そこで考察すると、賭博の常習性を有する者が数回にわたつて賭博行為をした場合に、原則として一個の常習賭博罪を構成するものであることは所論のとおりであるが、このような数個の常習賭博行為によつて構成された常習犯たる集合犯の一部につき公訴提起があつて審理判決があり、その後さらに他の犯行があつてこの部分につき公訴提起があつて審理判決があつた場合のように、判決の前後にまたがつて数個の常習賭博行為が行われた場合には、さきの判決の既判力の時間的限界は、原則として、事実審理の可能性がある最後の時、すなわち、第一審判決言渡の当時、例外として上訴審における破棄自判の判決言渡当時と解するのが相当であつて(大阪高裁昭和二七年九月一六日判決高刑集五巻一〇号一六九五頁参照)、所論のように一率に控訴審の事実審理終了時と解すべきではない。けだし、事実審理の対象となり得ない事実にまで既判力を及ぼすことは、不当に既判力の範囲を拡大するものとして許されないと解すべきところ、控訴審は原則として、原判決の時を標準としてその当否を判断する事後審であつて、破棄自判する場合に限り、例外的に続審として控訴審判決の時を標準としてさらに判決するに止まり、控訴審が破棄自判しない限り、事実審理をなし得る可能性のある最後の時は第一審判決の時であるからである。

ところで、原裁判所が取り調べた検察事務官大橋勤作成の捜査報告書およびこれに添付の判決謄本ならびに当審における事実取調の結果によれば、被告人滝沢孝は、昭和四五年九月一九日静岡地方裁判所浜松支部において、昭和四四年一二月一〇日、昭和四五年一月二三日および同月二四日の三回にわたつて花札賭博を行つたことにより常習賭博罪として懲役六月に処せられたこと、これに対し同被告人が控訴し、右事件は東京高等裁判所第三刑事部に係属していたが、昭和四六年一一月一五日控訴棄却の判決が言い渡され(現在上告中で未確定)たこと、本件犯行は右第一審判決言渡があり、同被告人の控訴後の昭和四六年一月一二日ころ行われ、これについてさらに本件公訴提起、第一審判決があり、同被告人から控訴申立があつて当審に係属したことが認められる。
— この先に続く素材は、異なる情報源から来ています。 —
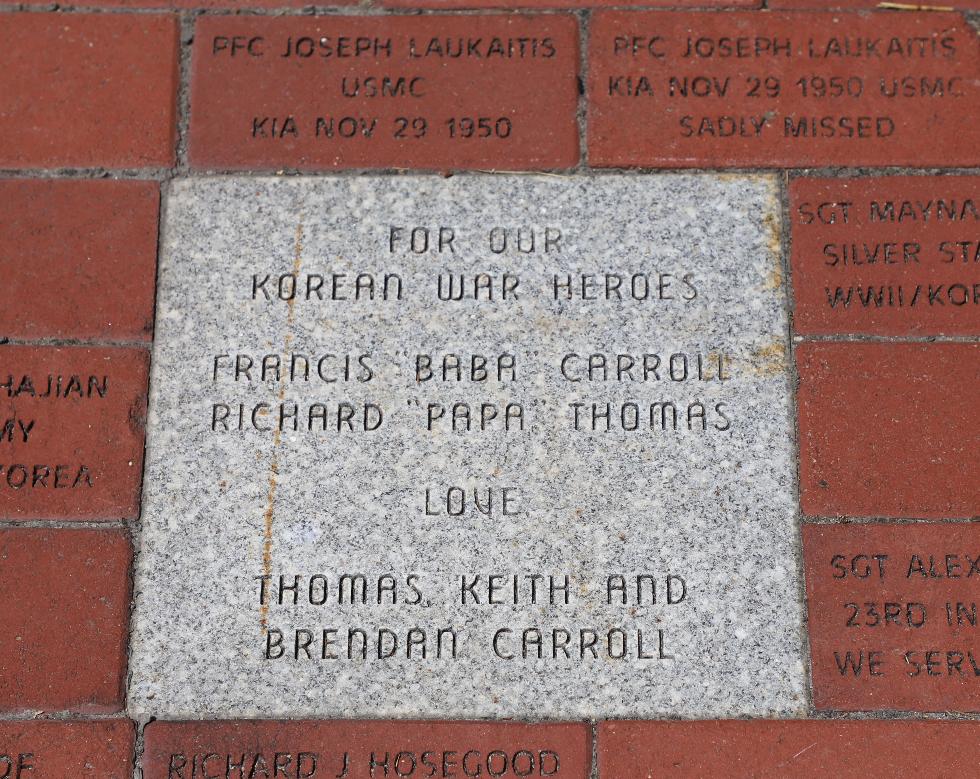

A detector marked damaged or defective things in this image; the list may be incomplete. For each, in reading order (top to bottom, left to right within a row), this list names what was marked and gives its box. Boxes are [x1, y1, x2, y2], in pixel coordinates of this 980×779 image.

rust stain on stone [260, 215, 302, 632]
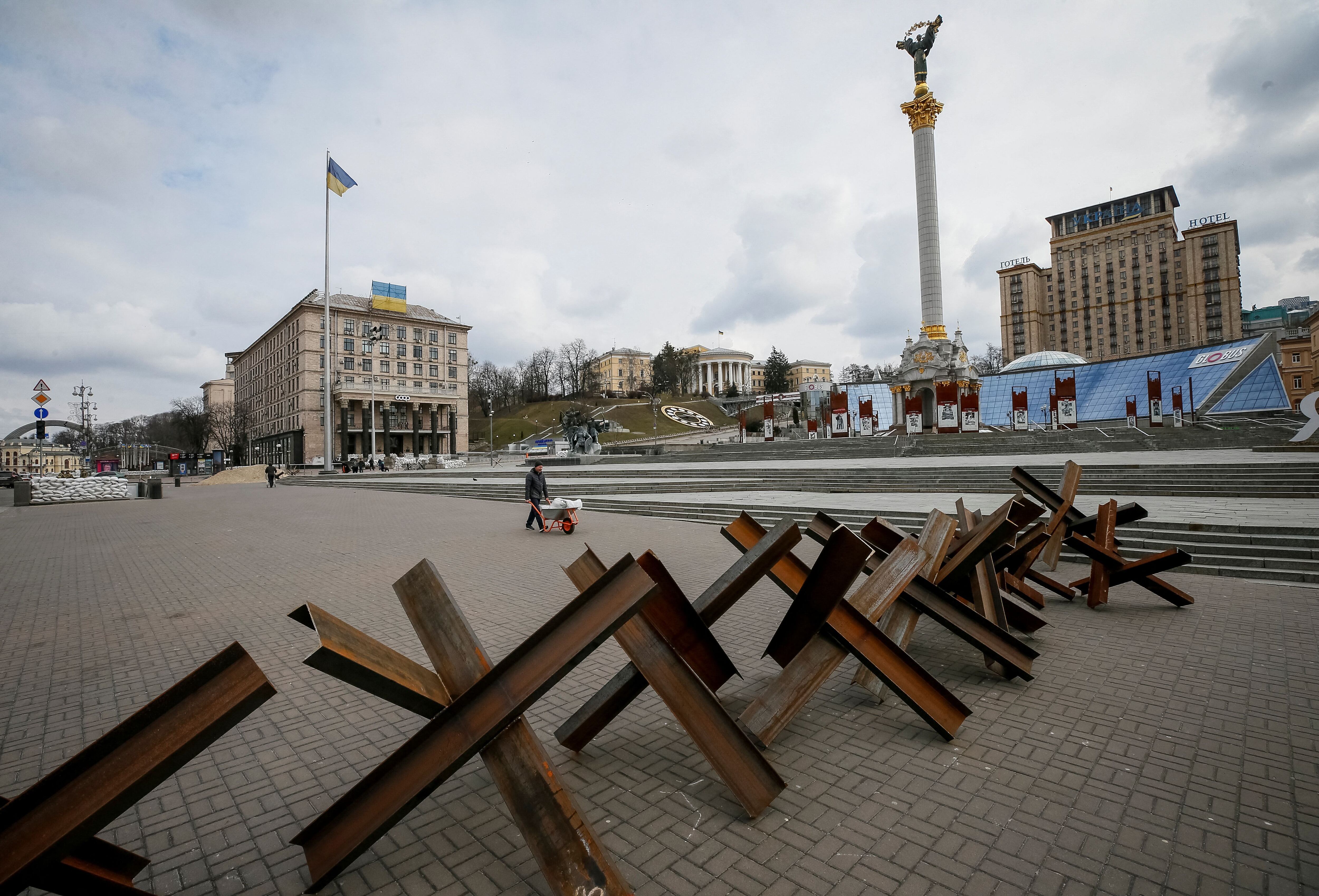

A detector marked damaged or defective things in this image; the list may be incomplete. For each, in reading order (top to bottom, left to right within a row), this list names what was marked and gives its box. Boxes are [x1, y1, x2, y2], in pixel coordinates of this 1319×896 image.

rusty metal beam [0, 642, 272, 895]
rusty metal beam [291, 599, 450, 718]
rusty metal beam [291, 557, 654, 891]
rusty metal beam [393, 557, 629, 895]
rusty metal beam [561, 545, 781, 819]
rusty metal beam [549, 513, 798, 751]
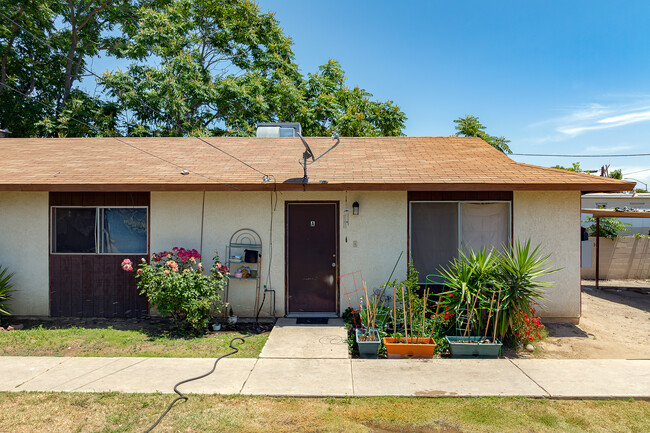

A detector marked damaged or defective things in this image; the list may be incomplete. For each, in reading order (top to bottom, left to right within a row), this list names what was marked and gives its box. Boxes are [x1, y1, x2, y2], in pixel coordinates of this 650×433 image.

右のような事実関係にあつて、右昭和四五年九月一九日の第一審判決は未確定であつて、いまだ既判力を生じているものではないから、本件公訴事実にその既判力を及ぼすものではないばかりでなく、当庁第三刑事部が破棄自判することなく控訴棄却の判決をしたことにより、右第一審判決言渡当時を基準として既判力を生ずる可能性が十分あるので、右第一審判決の既判力が、本件公訴事実に及ばないことが十分予想される。また、当裁判所も、主文のとおり本件各控訴を棄却したので、当裁判所の判決が当庁第三刑事部が判決した事案に既判力を及ぼすことはないものと考えられるのである。したがつて、同被告人に対する本件公訴は二重起訴とは認められないから、原審が有罪判決を言い渡したのは正当であつて、原判決には所論の不法に公訴を受理した違法はない。論旨は理由がない。